Edge: Broncos. Cinderella Story (in spades!)

Finally, we have the ol’ “chip on the shoulder.” This X-factor has some overlapping qualities with the Cinderella story; most Cinderella stories have something to prove. However, not all teams with something to prove are a Cinderella story. The Seattle Seahawks have a terrific chip on their shoulder, but nobody is going to say they are a Cinderella story. It’s almost like every Bourbon is a whiskey, but not every whiskey is a bourbon.

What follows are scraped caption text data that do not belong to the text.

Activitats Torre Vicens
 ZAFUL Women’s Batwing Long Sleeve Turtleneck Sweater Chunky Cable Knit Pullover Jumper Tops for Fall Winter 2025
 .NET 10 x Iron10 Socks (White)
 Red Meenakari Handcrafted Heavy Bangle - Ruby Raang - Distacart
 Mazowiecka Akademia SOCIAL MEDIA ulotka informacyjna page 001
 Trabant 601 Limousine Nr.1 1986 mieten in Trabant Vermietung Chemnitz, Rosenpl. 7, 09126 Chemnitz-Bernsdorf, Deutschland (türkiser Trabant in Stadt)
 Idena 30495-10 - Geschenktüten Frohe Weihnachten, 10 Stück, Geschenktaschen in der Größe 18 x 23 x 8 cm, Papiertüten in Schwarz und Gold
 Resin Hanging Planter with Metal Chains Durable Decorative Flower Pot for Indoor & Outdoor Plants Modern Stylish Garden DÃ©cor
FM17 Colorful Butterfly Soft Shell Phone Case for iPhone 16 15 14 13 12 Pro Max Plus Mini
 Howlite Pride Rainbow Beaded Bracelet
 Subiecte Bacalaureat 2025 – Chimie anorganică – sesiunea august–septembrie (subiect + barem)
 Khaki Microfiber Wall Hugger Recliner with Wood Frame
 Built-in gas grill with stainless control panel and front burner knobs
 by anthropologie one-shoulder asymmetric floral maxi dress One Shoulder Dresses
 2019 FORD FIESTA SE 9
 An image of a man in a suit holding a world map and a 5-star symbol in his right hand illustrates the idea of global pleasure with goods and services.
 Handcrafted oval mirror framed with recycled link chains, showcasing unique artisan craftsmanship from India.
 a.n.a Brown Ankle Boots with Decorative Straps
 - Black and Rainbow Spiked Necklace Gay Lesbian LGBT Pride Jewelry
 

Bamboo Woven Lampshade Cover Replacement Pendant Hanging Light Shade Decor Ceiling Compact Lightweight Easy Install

Every Cinderella story has a chip on its shoulder, but not every “chip on their shoulder” situation is a Cinderella story.

Typically the underdog is the one with a chip on its shoulder — the team that doesn’t feel like it gets the attention it deserves, the team that has something to prove to the world. In the two weeks leading up to the Super Bowl, when everyone was talking about Cam Newton and the nearly perfect Carolina Panthers (just one loss the entire season), the Denver team was chomping at the bit. “Just wait, we’ll show the world who we are.”

In fact, Broncos safety TJ Ward had this to say to NFL writer Kevin Patra after the Broncos defeated the favored New England Patriots: “Go ahead. We feed off of that… Keep us as the underdog (against) whoever wins (the NFC Championship). Tell us how bad we are and how we can’t cover and stop ‘this person,’ and I bet we win the Super Bowl.”

Edge: Broncos. Chip on the Shoulder

Truth be told, I had the Carolina Panthers by a bunch. I almost always will bet on the underdog; however, this time around I got caught up in the hype surrounding Carolina. Next time, though, you can be sure I’ll do an X-factor analysis to see who might have the edge when the 3 P’s are a virtual dead heat.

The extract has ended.